And that's matched quite nicely because EV is operations and EBITDA is the income from operations.
Now it's stripped out depreciation amortization.
And we'll go into why that is. If you're curious, ask.
And that means that for ea we need an EV and an EBITDA.
So let's get going with it, okay? The first job is to grab the EV.
So what we've gotta do is we've got to dig out EAs information and I don't wanna trust this bridge work.
I wanna do my own bridge work. Okay? So sometimes it's good to go back to basics and really understand how this stuff works.
I want the most recent financial statements.
Now I'm not the best with dates, but looking at it, it looks like that K is the most recent financial statement, which is useful, I would then click on it, okay? And I'll just open the abridged. Now I'll do this one.
Okay, so I'm gonna open it and now I'm gonna look for the balance sheet.
And what I'm gonna do is some bridge work now.
Yeah. Amanda, have you got access to Felix? Well I, I imagine you have because you're on Felix webinar.
yes, I do have Felix assessed.
Great. And when you go to Felix and you type in EA here and then go to categorized, Okay, so I go to data.
How many analytics? Oh, data's more market stuff.
So the, if you go to Felix, you'll end up in a like landing page that looks like, ooh, that's weird.
Okay, no, no, that's not what you're supposed to be looking at.
Okay. You come to landing page like this, right? Yeah, type in EA.
Ah, okay. And this is your, your data provider.
This is your learning platform, Right? Right.
Okay. And then it drop me straight into categorize. You may have to click that, Okay? And then click here into the 10 K.
Ah, okay. Financial year 2024. Ah, okay.
Yeah, Right? Good.
Okay, let's go to the balance sheet now and I'm gonna do some bridge work now.
Okay, so what I'm gonna do is you classic bridge would be made like this.
Okay? So I want to build EV.
So I would do equity, okay? And I'm thinking about this bridge here.
Then I would do debt, then I would do cash and then I would get to EV.
Now each one of those may end up being a lot more complicated, but that's the basics.
Now looking at it, can you see we've got equity down here, but this is nonsense, okay? Wherever possible, I want to grab market value of equity.
So what I need to do is say actually for equity, the financial statements aren't the best.

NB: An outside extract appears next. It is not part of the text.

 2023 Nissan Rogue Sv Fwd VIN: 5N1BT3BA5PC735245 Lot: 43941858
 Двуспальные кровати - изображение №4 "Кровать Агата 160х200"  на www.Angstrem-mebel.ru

Let's jump back out again.
Let's go to, oh, excuse me, actually let's do this, actually this is nicer stick in the financial statements and then we're gonna go to the cover page and we're gonna find the number of shares outstanding, which is very normal on SEC filings to have the number of shares outstanding.

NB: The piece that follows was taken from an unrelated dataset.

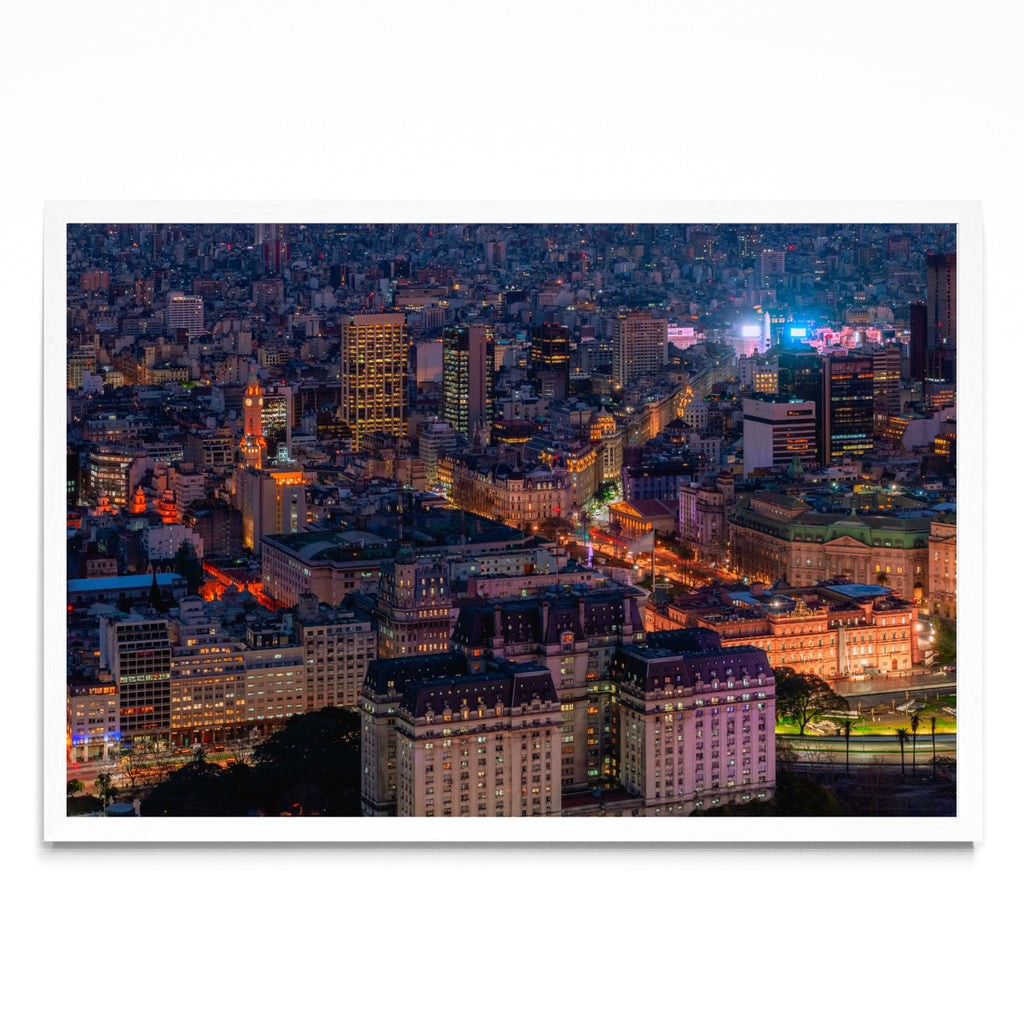 Buenos Aires nocturna - FotoH BL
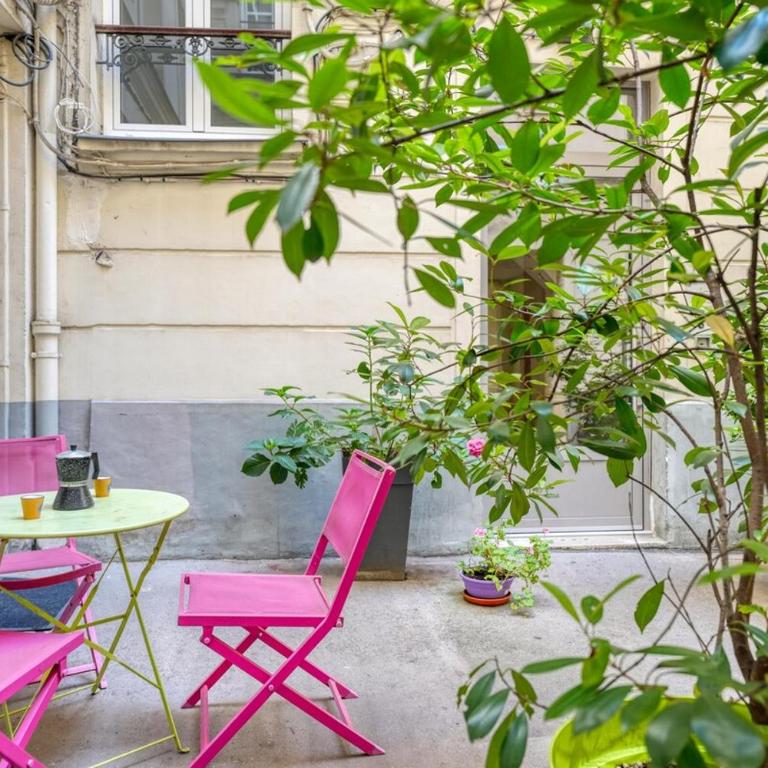 Charming Loft 2p Montmartre Joffrin - Appartement 1 Chambre - 3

Now you can see I've done this before, but if I was doing this for the first time, I would double click on that hit safe, then I would go here.
I would say, okay, I'm not actually doing the market value equity.
So let me put that out the way.
And I would say basic shares outstanding and then it drops in, it looks like nonsense.
But once we divide that by a million, let me just check.
Yeah. Then we get the number of shares outstanding and that's a clickable link, which is nice for audit purposes.
Okay? Now I'm nearly there with the value of equity.
The problem I've got is that these shares are not all of the equity that we should be valuing, okay? We should also be valuing the equity that's not in existence today but will be in existence say on an IPO or in the future.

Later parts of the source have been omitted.